Task data below:

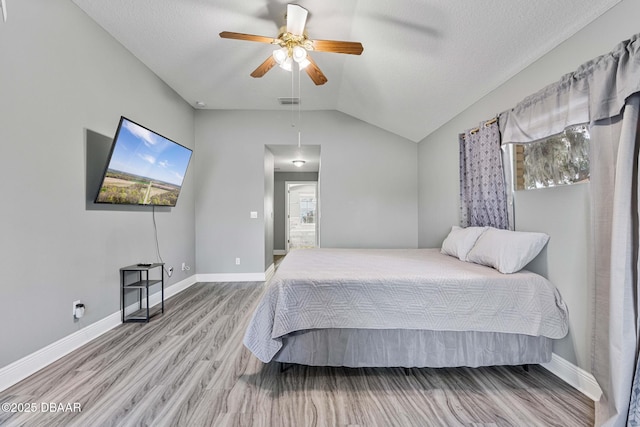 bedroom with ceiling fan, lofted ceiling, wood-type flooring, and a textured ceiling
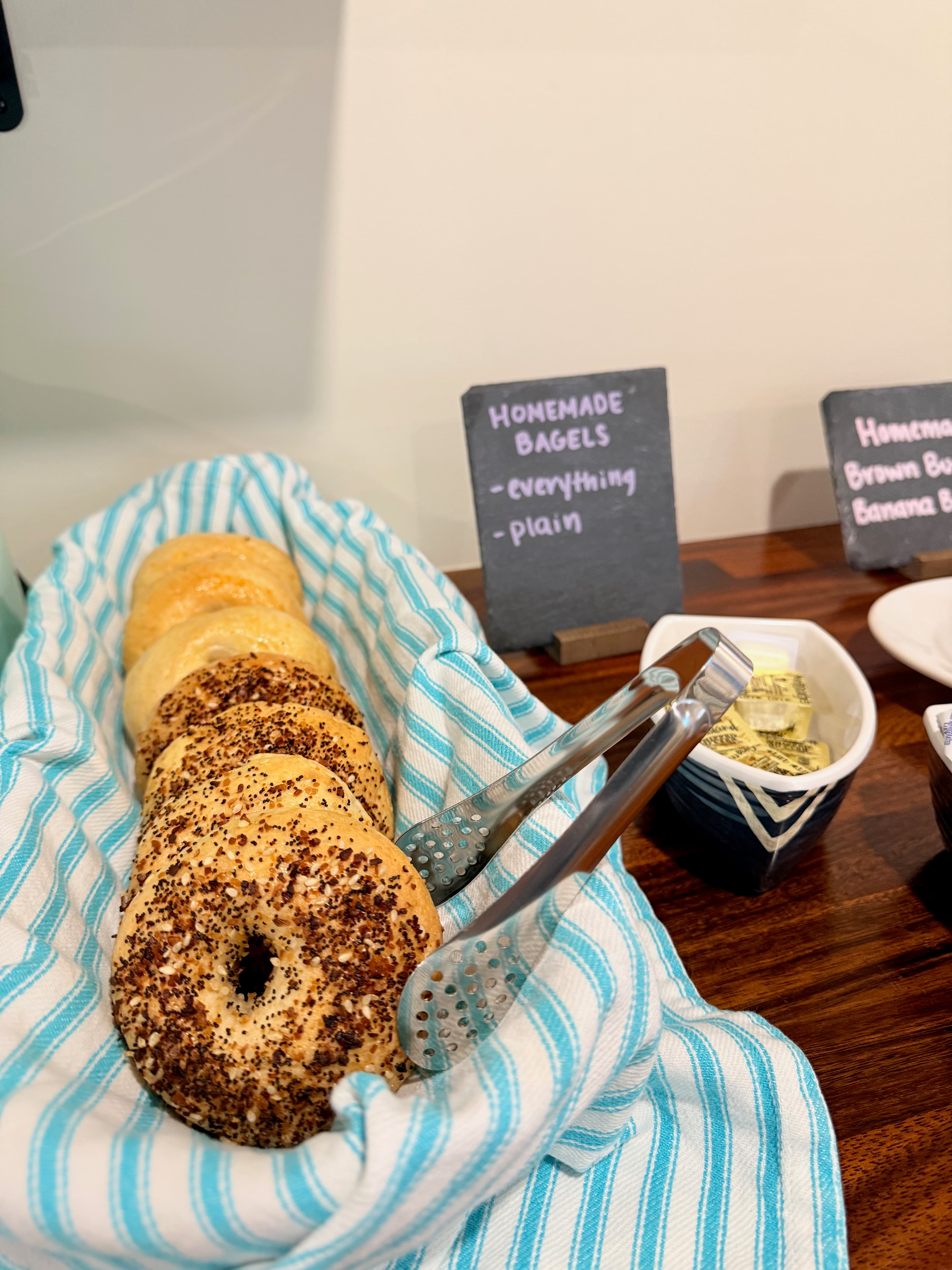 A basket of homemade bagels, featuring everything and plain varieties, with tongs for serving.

End of Task data.
Task data below:

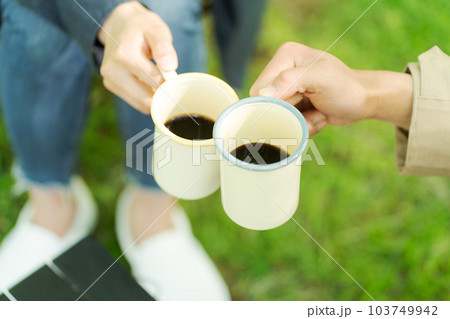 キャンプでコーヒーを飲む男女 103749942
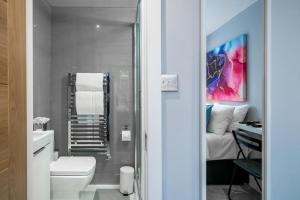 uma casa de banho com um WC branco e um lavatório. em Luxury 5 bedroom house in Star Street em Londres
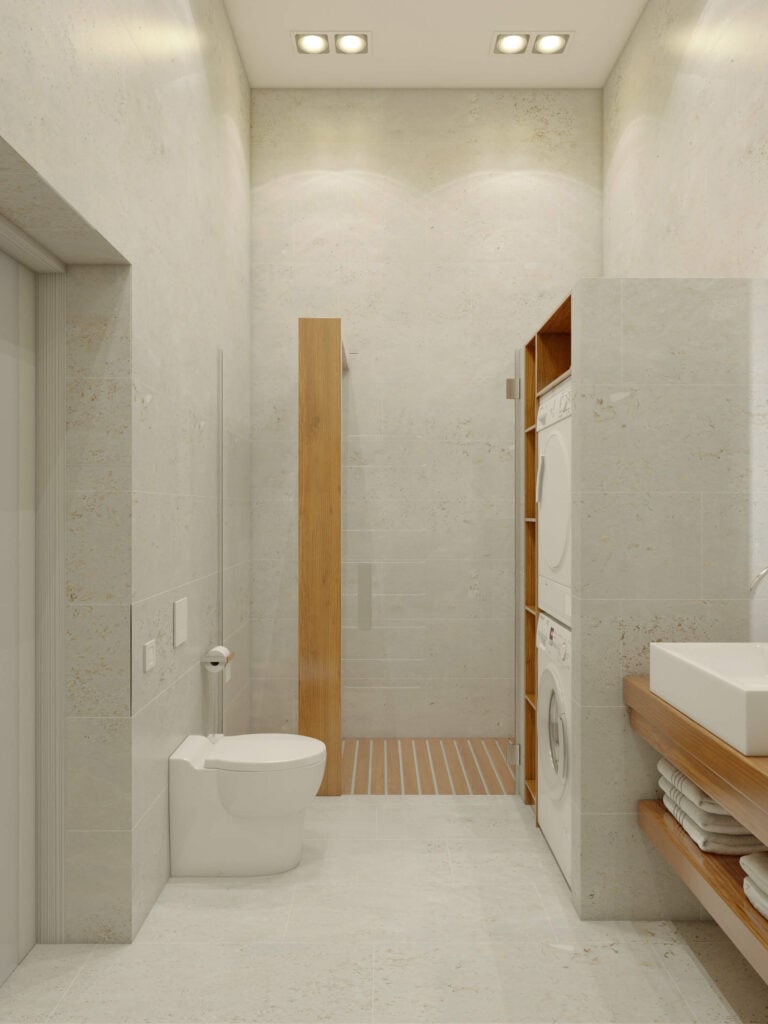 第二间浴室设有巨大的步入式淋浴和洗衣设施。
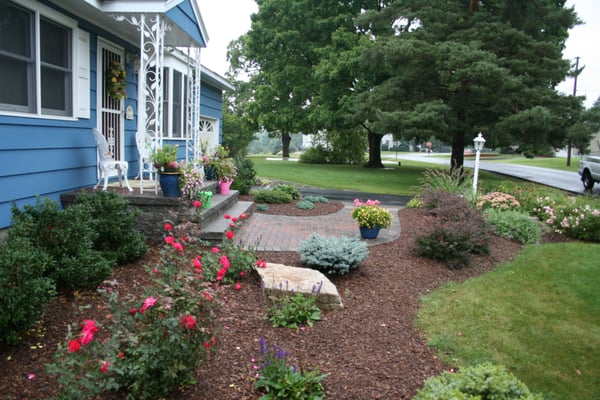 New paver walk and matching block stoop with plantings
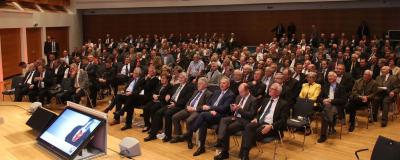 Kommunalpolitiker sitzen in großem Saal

End of Task data.

Requirement:
The answer is the lines of the material above, from the one containing "bedroom with ceiling" down to the one containing "A basket of", given exactly and without images.

Task result:
 bedroom with ceiling fan, lofted ceiling, wood-type flooring, and a textured ceiling
 A basket of homemade bagels, featuring everything and plain varieties, with tongs for serving.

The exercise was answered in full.